DATA EXCERPT:
________________

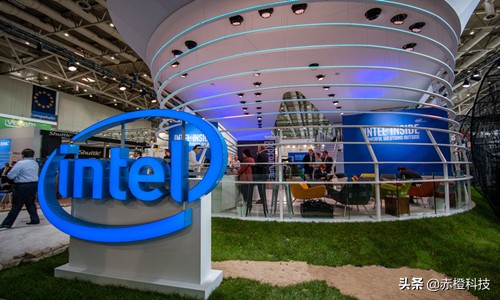 5000元的骗局,5000左右组装机电脑推荐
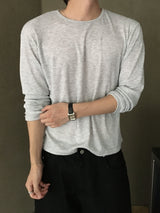 Tio ワッフル Tシャツ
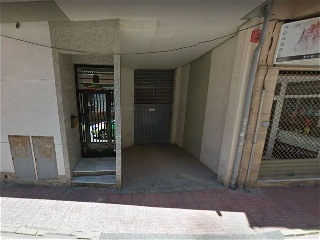 Trastero en C/ Mayor, Torrevieja (Alicante) 2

________________

EXERCISE: Please copy, exactly and only, the lines of the listing that run from the one holding "Tio ワッフル Tシャツ" through its last line, and exclude pictures.

YOUR SOLUTION:
 Tio ワッフル Tシャツ
 Trastero en C/ Mayor, Torrevieja (Alicante) 2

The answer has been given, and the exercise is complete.